TORONTO - The Liberals and Progressive Conservatives say Ontario voters will have a very clear choice June 12 between two very different views of the province, and both dismiss the NDP as having no plan.
The Liberal buses will roll from Queen's Park this morning, but Premier Kathleen Wynne wasted no time kicking things off with a well-attended rally in Toronto on Friday night, followed by smaller events in the city during the weekend.
Wynne spent much of the weekend in a verbal sparring match with Prime Minister Stephen Harper on her call to create a provincial pension plan, which he called a tax that voters would not like.
The Progressive Conservatives will launch their official campaign Thursday with a media bus covered in Tory blue and a picture of leader Tim Hudak on the side, but have decided to put on a temporary bus for Monday and Tuesday.

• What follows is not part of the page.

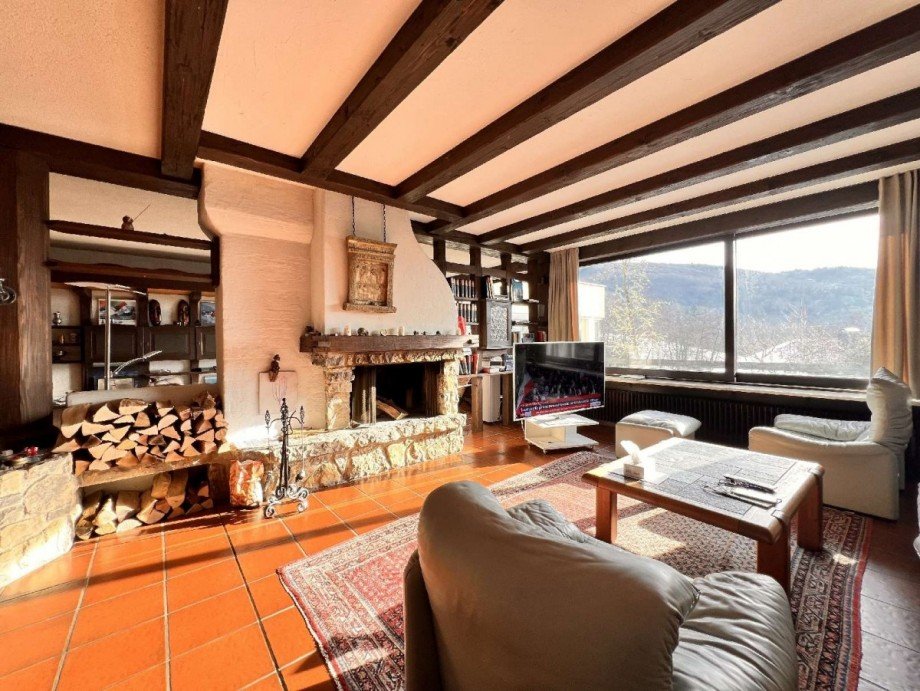 Wohnraum mit offenem Kamin Einfamilienhaus Wehr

Hudak started the Tory campaign with a rally in Ottawa Friday, followed Sunday by a province-wide radio show where he took calls from listeners, played PC campaign ads and promoted his "million jobs plan."
After setting the stage for the election Friday by announcing she'd lost confidence in Wynne, NDP Leader Andrea Horwath said the Liberals aren't living in the real world at her nomination meeting in Hamilton Centre Saturday.

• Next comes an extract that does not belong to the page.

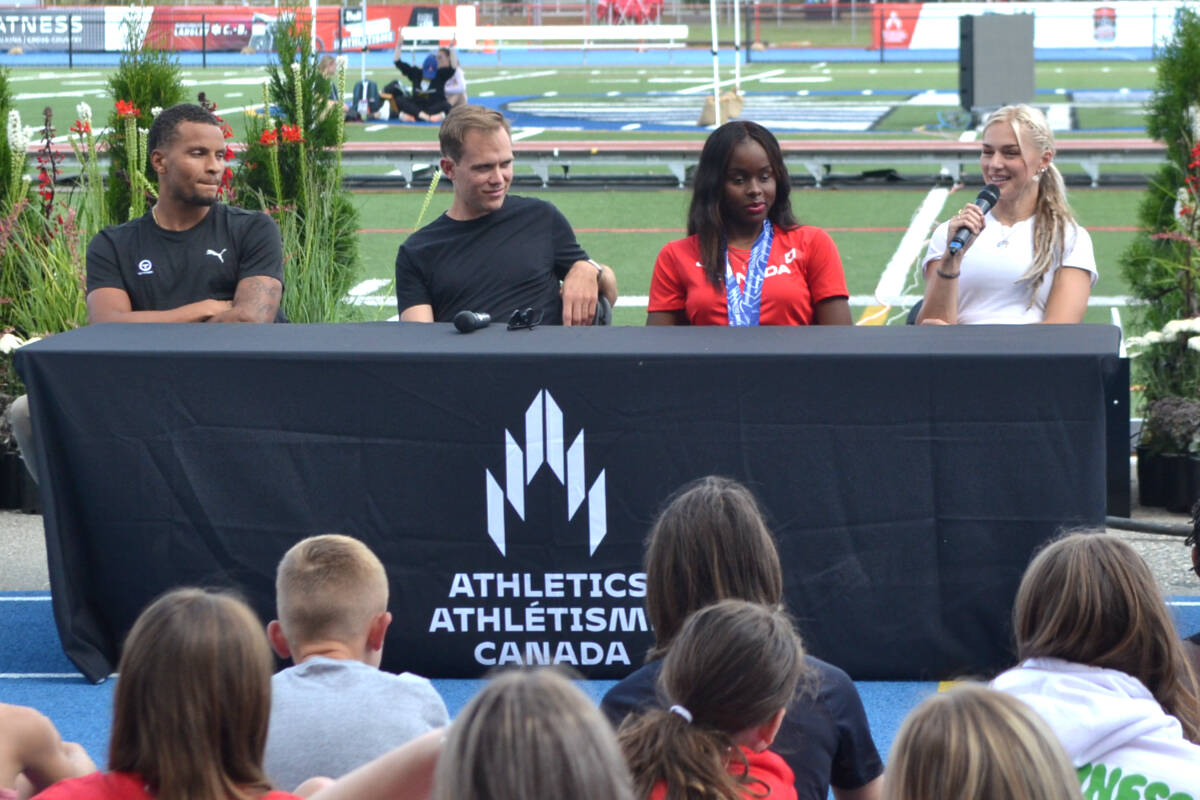 Track and field athletes competing at McLeod Athletic Park from left to right: Andre De Grasse, Nate Nate Riech, Bianca Borgella, and Georgia Ellenwood. (Kyler Emerson/Langley Advance Times)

The New Democrats aren't saying yet when their campaign buses will be ready, but Horwath campaigned on the weekend and has events in the Toronto area Monday.

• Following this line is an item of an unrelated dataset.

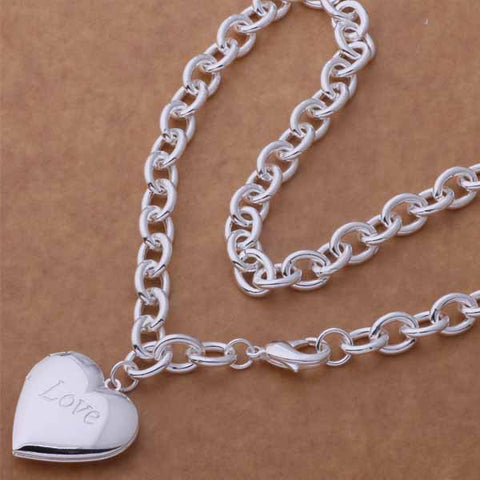 Silver Heart Locket Necklace- LS AN750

During the early campaigning, Wynne warned voters that the Tories would slash jobs and services and said the NDP push "pie in the sky" ideas they can't pay for.
Liberal strategists, who spoke on background, said voters can decide between a "Hudak-Harris-Harper" vision of government that will "gut and slash" programs or a Liberal plan that helps people and invests in companies to create jobs.
Tory officials said they're going to do things differently this time, and will shuttle Hudak around in cars and SUV's instead of a leader's bus to keep the campaign more nimble as he "seeks a mandate to fix" the province.
"The Liberals want to make the campaign a referendum on Hudak, but we want to make it a campaign of choice," said PC campaign manager Ian Robertson. "We're running for Ontario; they're running against us."
The Tories said the NDP was to blame for propping up the Liberals for way too long despite the $1.1 billion "wasted" to cancel two gas plants, while Wynne said the New Democrats have no plan to govern Ontario and offer only vague ideas.
The first poll of the campaign released Sunday suggested Ontario could end up with another minority government, giving the Tories the most popular support but giving the Liberals the most seats because of the way the support is concentrated in ridings.
Even though the slow, staggered, not-yet-official start to the campaign slips into second gear today, the legal writ is dated for Wednesday, May 7.